Rangasamy R.G.,Bharatiya Nabhikiya Vidyut Nigam Ltd | Kumar P.,Bharatiya Nabhikiya Vidyut Nigam Ltd | Manoharan N.,AMET University
Biosciences Biotechnology Research Asia | Year: 2014

The term "Quality management" has a specific meaning within many business sectors. Quality has metamorphosed from the synonyms of "Customer satisfaction" to "Customer delight", thriving for excellence in every sphere of business with continuous improvements. In today's business scenario, more often quality is perceived as "Fitness for purpose "focusing on the customer. But there is horizon beyond this as, "quality" is always intertwined with "safety and reliability" if the nature of the business is perilous. The prime focus for any nuclear industry is about the safety and reliability which can be accomplished only through the inherent quality. The quality embarks right from the construction phase of the nuclear power plant till the decommissioning and the four main components i.e. quality planning, quality control, quality assurance and quality improvement trek alongside.
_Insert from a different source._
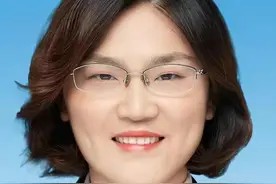 何珊瑚，履新职图片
The high temperature low pressure system of fast breeder reactors using sodium as the coolant demands very high reliability and high degree of quality during each and every stage of construction of all the individual components for trouble free operation of the reactor for the committed years. The "Quality Assurance (QA)" plan of Prototype Fast Breeder Reactor is unique. The reactor being first of its kind in India, quality assurance starts right from the raw material procurement and extends through all the stages of plant till commissioning. The principal material of construction being stainless steel for the reactor components shall be handled with care following best engineering practices coupled with stringent QA requirements to avoid stress corrosion cracking in the highly brackish environment. Integranular stress corrosion cracking and hot cracking are additional factors to be addressed for the welding of stainless steel components. The low alloy ferritic steel like 9Cr-1Mo (mod) has been extensively deployed and the fabrication requires structured inspection, testing and QA plan. Corrosion protection and preservation during fabrication, erection and post erection is mandatory be it reinforcement bar or a reactor vessel.